Zespół dowiadywał się o planie na kolejny dzień zgrupowania z harmonogramu drukowanego każdego wieczora przez kierownika drużyny Andrzeja Urbańczyka. Liczył zazwyczaj sześć, siedem punktów. Plan na sobotę był najkrótszy. Godzina 8. - rozruch. 8.45 - śniadanie. 9.45 - wyjazd z hotelu.
Ruch po prawie dwóch tygodniach pracy w Side wraca do Polski. Zespół dostanie wolną niedzielę, a od poniedziałku będzie odliczał dni do sobotniego meczu ze Śląskiem
Wrocław, którym zainauguruje rundę rewanżową ekstraklasy.

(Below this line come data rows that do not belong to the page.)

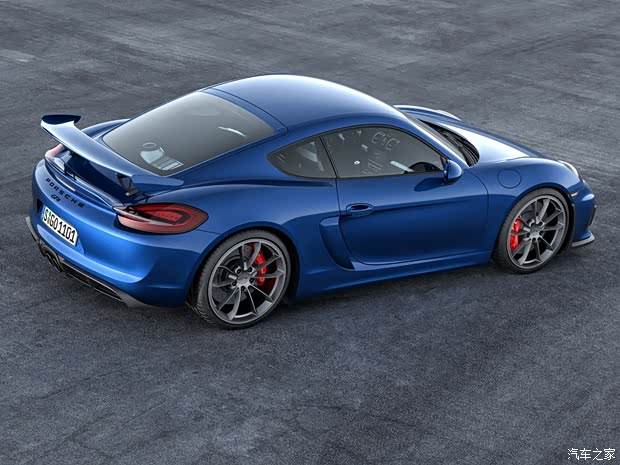 保时捷 Cayman 2016款 Cayman GT4 3.8L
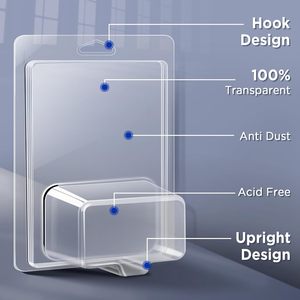 Tùy Chỉnh Thân Thiện Với Môi Tái Chế Pet Nhựa Trong Suốt Vỉ Bao Bì Vỏ Sò Trẻ Em Đồ Chơi Xe Hiển Thị Bảo Vệ Tùy Chỉnh Màu Sắc - Product Image 2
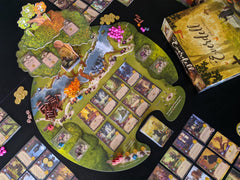 Starling Games Everdell 3D Ever Tree centerpiece enhances table presence.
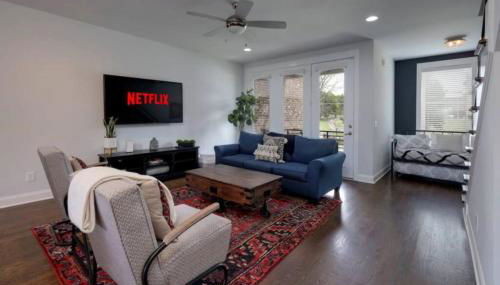 WeHo Nashville Home, Geodis Park, Private Movie Theater! 10min to Broadway! Sleeps 10! - Foto 5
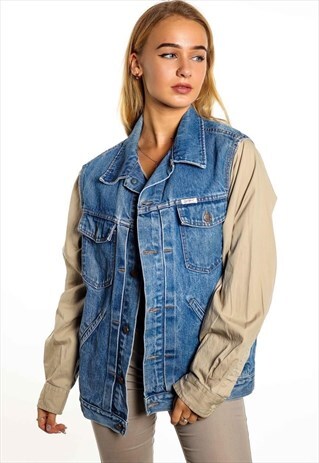VINTAGE REWORKED DENIM JACKET J1994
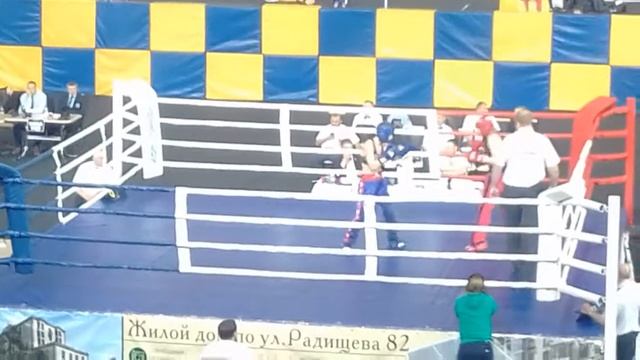 Чемпионат и первенство России по кикбоксингу в разделе фул - контакт . Ульяновск - 27 . 04 . 2018 г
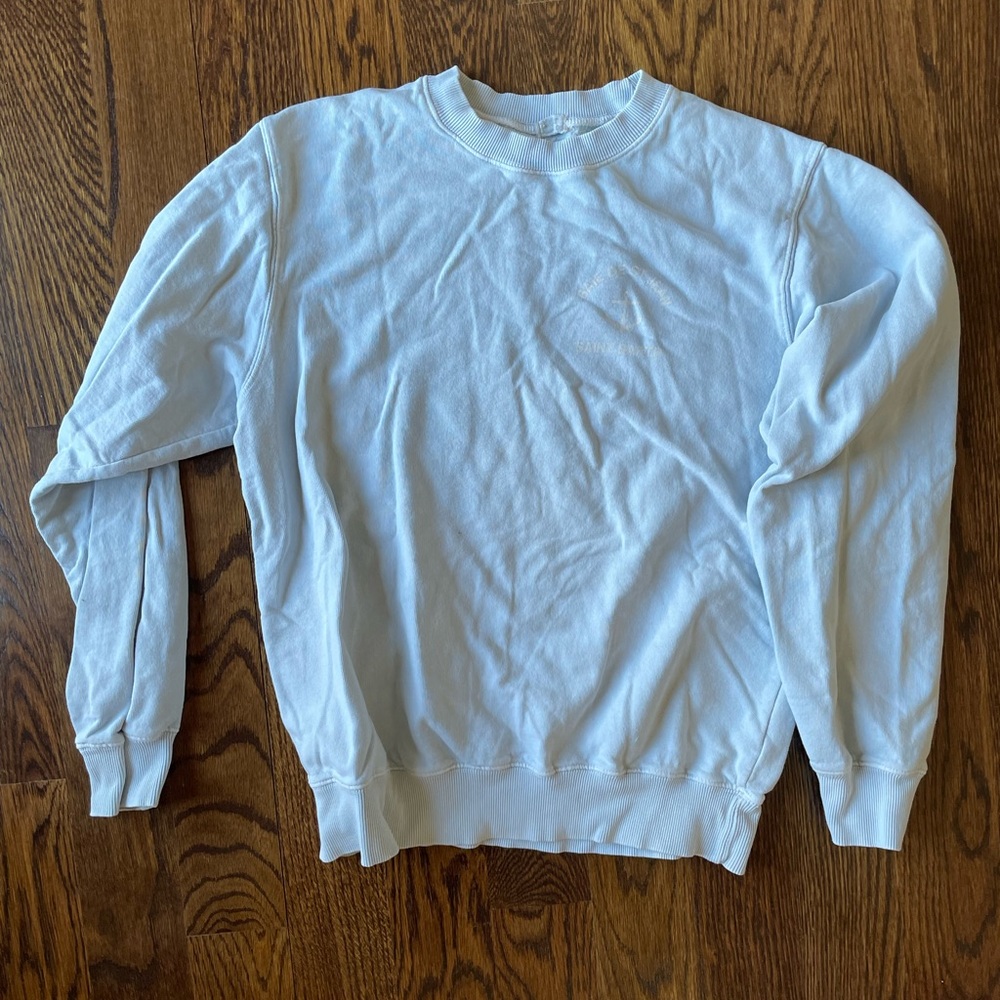Brandy Melville Light Blue Crewneck
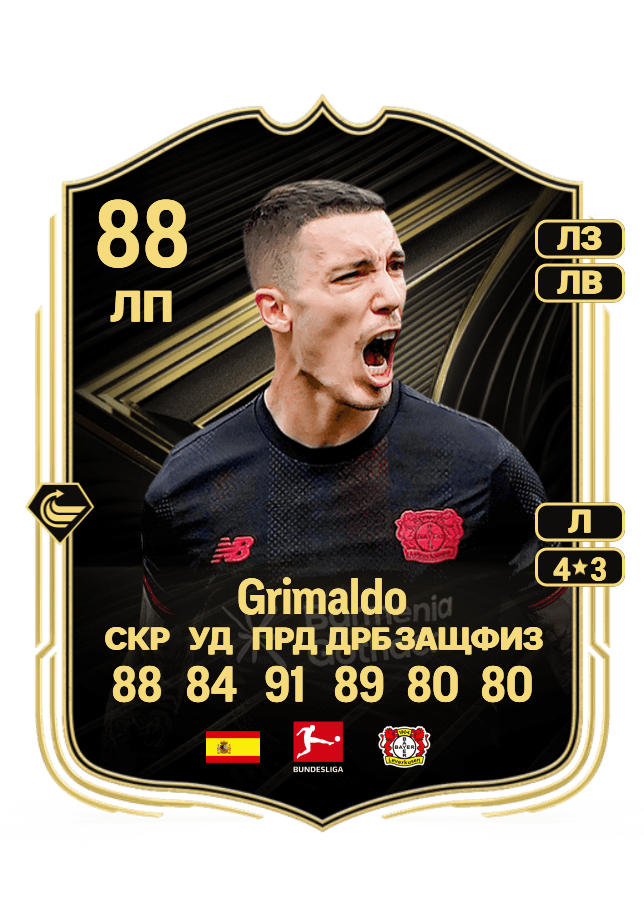 Grimaldo card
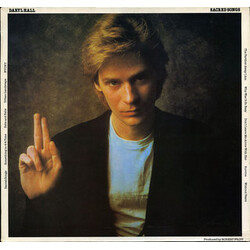 Daryl Hall Sacred Songs Vinyl LP USED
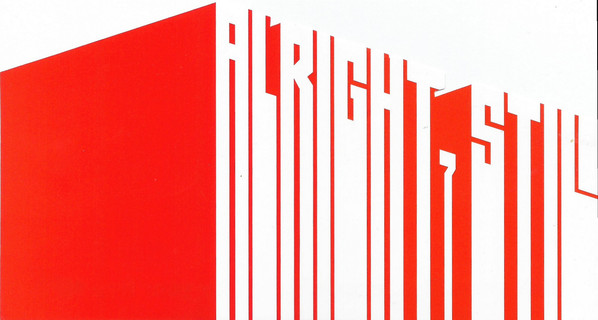Lily Allen — Alright, Still, sleeve image 4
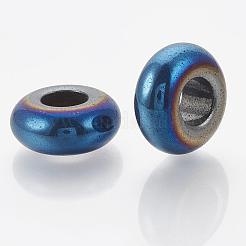 Perle di ematite sintetiche non magnetiche elettrodeposte&nbsp;G-T094-10C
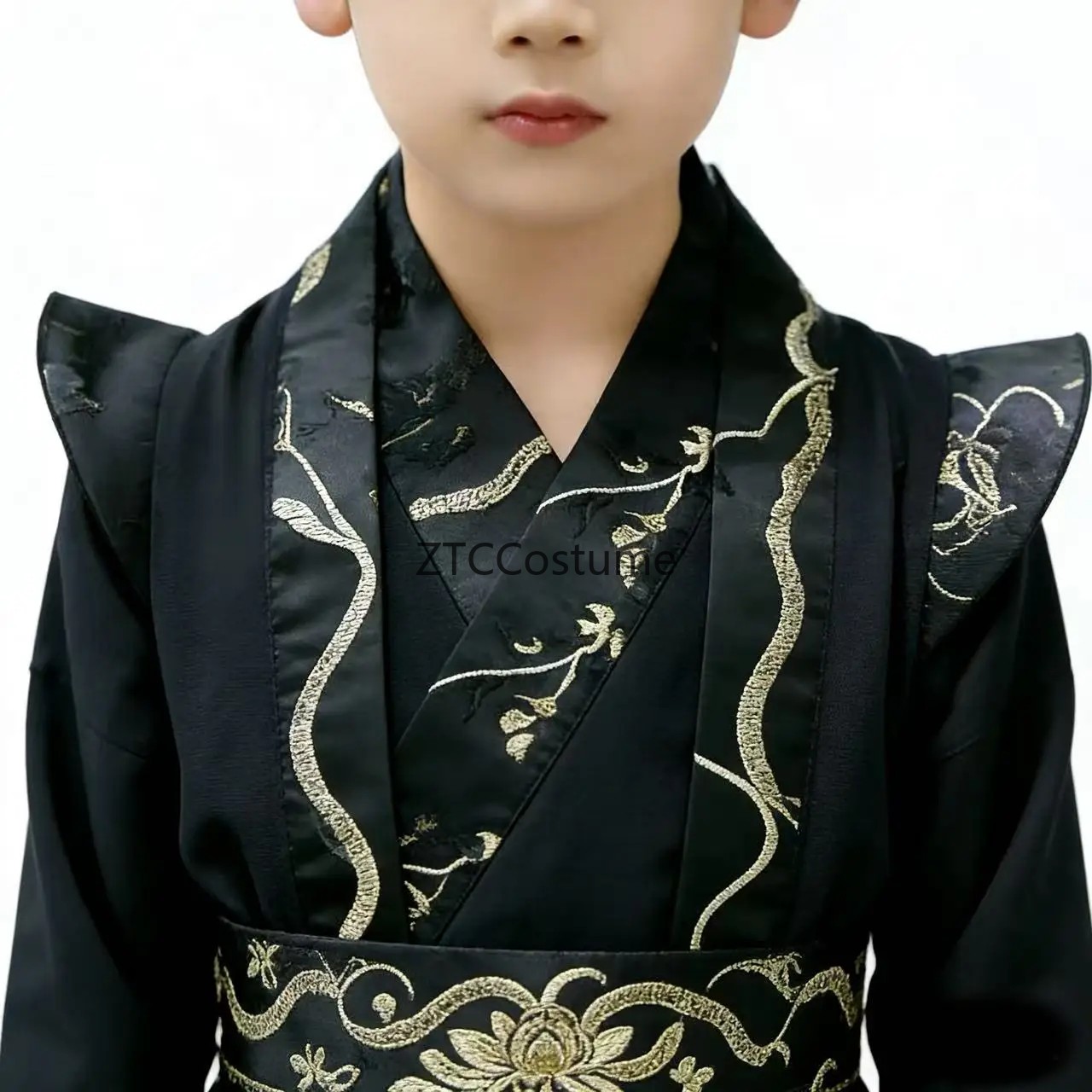 Jongens Hanfu moderne jurk met - Baby Clothing Unit recensie en prijs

- Na pewno zagracie? - zastanawia się Zlatko Tanevski, były piłkarz m. in. Lecha
Poznań i GKS-u
Bełchatów, a dziś zawodnik macedońskiego Vardaru Skopje, który jest zakwaterowany w tym samym hotelu, co niebiescy. - W Macedonii sroga zima. Liga ma wystartować dopiero w marcu, a już teraz mówią, żeby ją opóźnić - mówi Tanevski, którego zespół zostanie w Side jeszcze przez pięć dni.
Ruch będzie wracał do Polski przez Wiedeń. Jeżeli podróż przebiegnie bez problemów autokar Ruchu powinien podjechać na Cichą około godziny 20.